Ce projet de recherche doctorale est publié a été réalisé par Evripidis BAMPIS

# Description d'un projet de recherche doctoral

### Beyond online learning and competitive analysis for combinatorial optimization over time

**Mots clés : **

**Co directeur de thèse**: bruno ESCOFFIER

**Directeur de thèse** :
Evripidis BAMPIS

**Unité de recherche** :
Laboratoire d'informatique de Paris 6

**Ecole doctorale** :
École Doctorale Informatique, Télécommunications, Électronique de Paris

**Domaine scientifique principal**: Sciences et technologies de l'information et de la communication

### Résumé du projet de recherche (Langue 1)

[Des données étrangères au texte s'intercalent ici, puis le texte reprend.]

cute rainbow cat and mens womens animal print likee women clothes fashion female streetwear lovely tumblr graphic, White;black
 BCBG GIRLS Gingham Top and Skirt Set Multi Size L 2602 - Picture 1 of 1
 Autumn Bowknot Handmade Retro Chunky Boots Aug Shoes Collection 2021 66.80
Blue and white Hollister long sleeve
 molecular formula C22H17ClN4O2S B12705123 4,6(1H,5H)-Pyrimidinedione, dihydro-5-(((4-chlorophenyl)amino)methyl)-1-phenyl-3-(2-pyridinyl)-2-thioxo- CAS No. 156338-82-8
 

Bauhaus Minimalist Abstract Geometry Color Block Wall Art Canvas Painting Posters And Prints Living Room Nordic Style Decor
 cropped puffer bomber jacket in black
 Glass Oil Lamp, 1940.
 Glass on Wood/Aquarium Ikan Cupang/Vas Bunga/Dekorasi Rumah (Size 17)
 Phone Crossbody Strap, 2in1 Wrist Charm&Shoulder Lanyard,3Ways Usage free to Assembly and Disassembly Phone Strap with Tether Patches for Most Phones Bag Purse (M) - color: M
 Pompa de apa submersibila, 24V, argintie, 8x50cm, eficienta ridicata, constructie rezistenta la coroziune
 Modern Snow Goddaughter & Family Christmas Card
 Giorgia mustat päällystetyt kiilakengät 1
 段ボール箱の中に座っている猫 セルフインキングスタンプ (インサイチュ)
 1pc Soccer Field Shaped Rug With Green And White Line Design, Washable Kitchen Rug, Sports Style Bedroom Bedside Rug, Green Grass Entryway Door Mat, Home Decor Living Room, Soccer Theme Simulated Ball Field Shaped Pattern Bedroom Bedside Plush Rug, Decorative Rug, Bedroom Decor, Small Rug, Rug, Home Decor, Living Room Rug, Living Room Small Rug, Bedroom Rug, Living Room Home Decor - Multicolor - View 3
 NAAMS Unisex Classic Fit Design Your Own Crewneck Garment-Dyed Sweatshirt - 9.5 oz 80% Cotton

Dynamic environments are becoming central in combinatorial optimization. In such environments where the input of an optimization problem changes over time, a sequence of solutions has to be found offering both good quality, w.r.t. the objective function of the optimization problem, and stability of the returned solutions over time. To model the dynamicity of the optimization problem we use the following model: we are given a time horizon of T time steps, and at each time step an instance I_1, I_2,..., I_T. It is tempting to try to solve the problem for every instance independently. However, there is a non-negligible transition cost for adopting modifications to a given solution. Different settings are induced depending on the degree of knowledge of the future: the offline setting where the whole sequence of instances is known in advance, the 1-lookahead (online) setting where at time t only the instance I_t is known, and the k-lookahead (semi-online) setting where at time t the instances at times t, t+1,..., t+k, with k>=1, are known. Recently, it has been shown that some problems that are solvable in polynomial time in the static case become very hard even in the off-line dynamic setting. This is the case for the minimum weighted perfect matching problem. On the positive side, in the off-line setting good approximation algorithms have been proposed for fair resource allocation or matroid maintenance problems. Also some algorithms with good competitive ratio have been proposed for specific problems in the semi-online setting. We propose to further investigate such dynamic problems in the semi-online setting and to measure the impact of the knowledge of the future on the trade-off between quality and stability. To do that we aim to take advantage of both the online learning and the competitive analysis for the online setting and the interplay between the two. While there are some important differences between these two approaches, some recent works succeeded to bring them closer together. Our goal will be to follow this research direction and to investigate whether it is possible to extend this success by closing the gap between learning from experts and the more general k-lookahead setting.